THE NEW ZEALAND LISTENER OPENING NIGHT - AUCKLAND WRITERS & READERS WEEK
What a line up ! One of the greatest of living writers in the English language, the very private J.M.Coetzee, left, (double Booker Prize winner, Nobel Prize winner), along with current worldwide favourite Junot Diaz, (Pulitzer Prize), Sarah Hall, (Commonwealth Prize), along with New Zealand favourite , the much awarded Witi Ihimaera. And of course chaired by the queen of the airwaves, Kim Hill.
Each author read from their work and was then quizzed by Hill, except for Coetzee who famously does not give interviews of any king, he only reads. Hill is our undisputed premier interviewer with her Saturday Morning show on Radio New Zealand having a huge following.
It was somewhat curious then to find her rather lose the plot last evening. The show was scheduled to last one hour fifteen minutes but Hill seemed to get bogged down with the first author, Sarah Hall. After Hall's quite long reading Hill put a long series of questions to her, the answers to which were interesting but half an hour into the event and we were still listening to the first author and still had to hear from the other three which led to the audience became decidedly restless and in the end several punters called out to remind the Chair that there were others we also wanted to hear from.

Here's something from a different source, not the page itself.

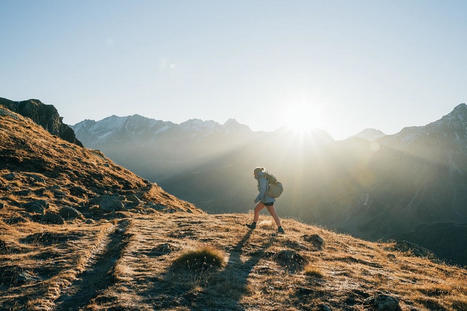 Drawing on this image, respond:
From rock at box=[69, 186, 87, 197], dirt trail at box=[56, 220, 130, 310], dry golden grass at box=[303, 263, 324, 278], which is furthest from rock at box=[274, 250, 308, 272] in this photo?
rock at box=[69, 186, 87, 197]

Witi Ihimaera was up next and delighted us, (understatement, he stole the show actually), with readings about his clearly much-loved Dad, Tom Smiler. Then came Junot Diaz who read a very funny piece from his sensational The Brief Wondrous Life of Oscar Wao. And finally the master himself who entertained us with a superb piece of reading from Diary of a Bad Year and left us wanting more. Much more. I'm off to buy the book.
It was a great night, the ASB Theatre was bulging at the seams, and we went home with smiles on our faces.
7 comments:
Yeah what the hell was that all about. I reckon Sarah Hall had just over half the total time available which was a great shame considering who the other three were.
Kim Hill of all people, she is used to timing and the need to pay attention to it being a radio veteran.
It was almost like she thought she was chairing a session called An Hour With Sarah Hall. It was of course a superb interview but entirely out of order. The Festival people should get John Campbell to do it next time.That will save an air fare too!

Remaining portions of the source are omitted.